The Corn Maiden and Other Nightmares
- Author: Joyce Carol Oates
- Language: English
- Publisher: Mysterious Press
- Publication date: November 1, 2011
- Publication place: United States
- Media type: Print (hardback & e-book) and audiobook
- Pages: 264 pp (first edition, hardback)
- ISBN: 0802126022 (first edition, hardback)

= The Corn Maiden and Other Nightmares =

Book by Joyce Carol Oates

The Corn Maiden and Other Nightmares is a collection of short stories and the title novella by Joyce Carol Oates. Published in 2011 by Mysterious Press, it contains several works that Oates worked on over a period of fifteen years.

==Contents==
The book contains the title novella and six short stories. All were previously published, as indicated:

- "The Corn Maiden" (anthology Transgressions: Ten Brand-New Novellas, 2005, as "The Corn Maiden: A Love Story")
- "Beersheba" (Ellery Queen's Mystery Magazine, September/October 2010)
- "Nobody Knows My Name" (anthology Twists of the Tale: An Anthology of Cat Horror, 1996)
- "Fossil-Figures" (anthology Stories: All-New Tales, 2010)
- "Death-Cup" (Ellery Queen's Mystery Magazine, August 1997)
- "Helping Hands" (Boulevard, Fall 2011)
- "A Hole in the Head" (The Kenyon Review, Fall 2010)

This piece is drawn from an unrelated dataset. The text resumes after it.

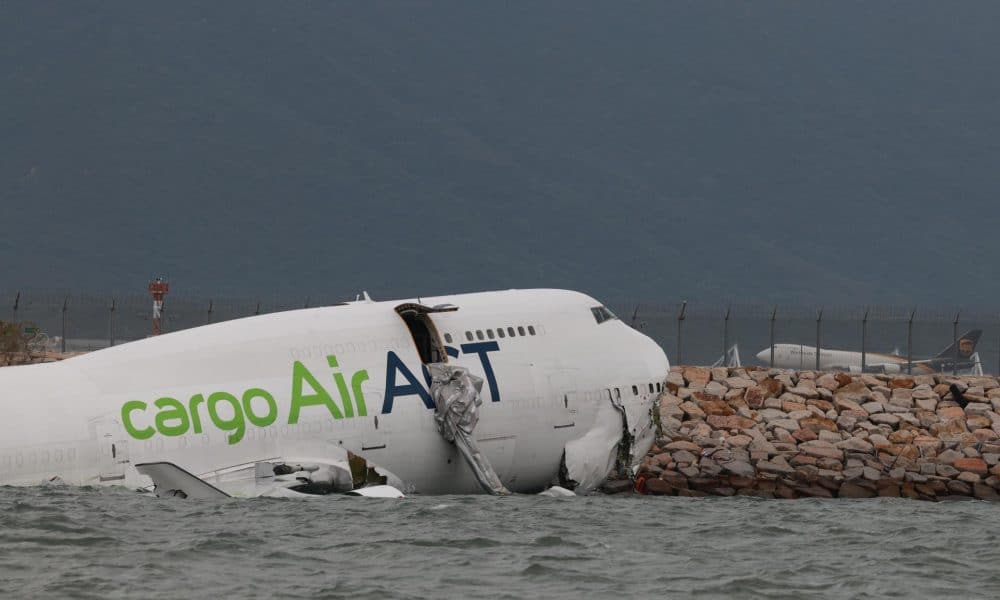 Un avión de carga se sumergió parcialmente en el mar después de salirse de la pista en el Aeropuerto Internacional de Hong Kong, el 20 de octubre de 2025. EFE/EPA/MAY JAMES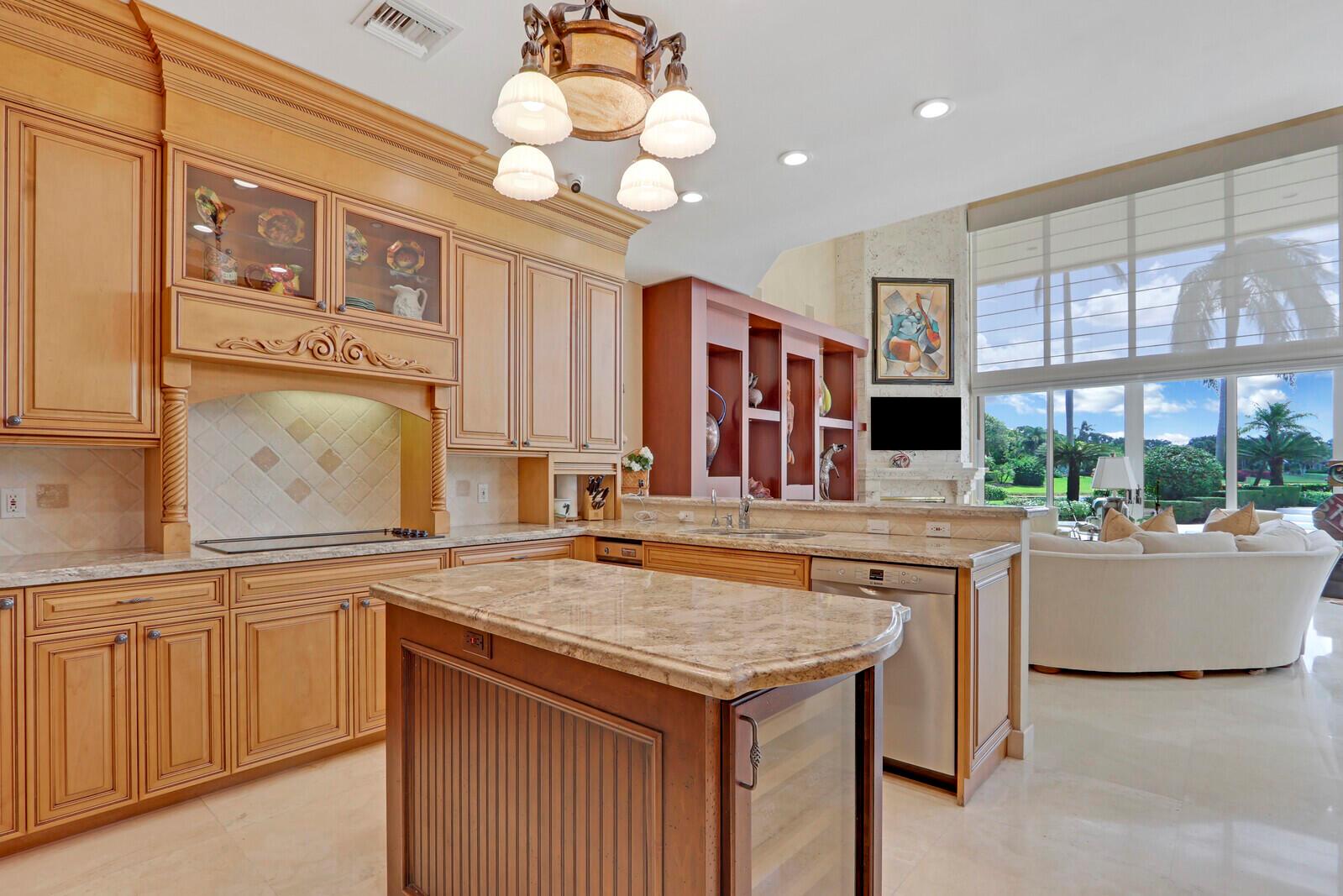 FRENCHMANS CREEK - Residential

The story contents range from a group of teenage girls planning to sacrifice one of their classmates in "The Corn Maiden" to a widow interacting with an employee of a second-hand store in "Helping Hands". Many contain the theme of sibling rivalry.

==Reception==
Critical reception for The Corn Maiden and Other Nightmares has been positive, with Kirkus Reviews calling the book "nightmarish". Publishers Weekly praised the book, calling Oates "a master of psychological dread" but wrote that the audio book's narrator Christine Williams "lacks the emotional punch and range displayed" by the book's other narrator. The Star Tribune and Bookreporter both praised the book, with Bookreporter praising the book's palpable anxiety.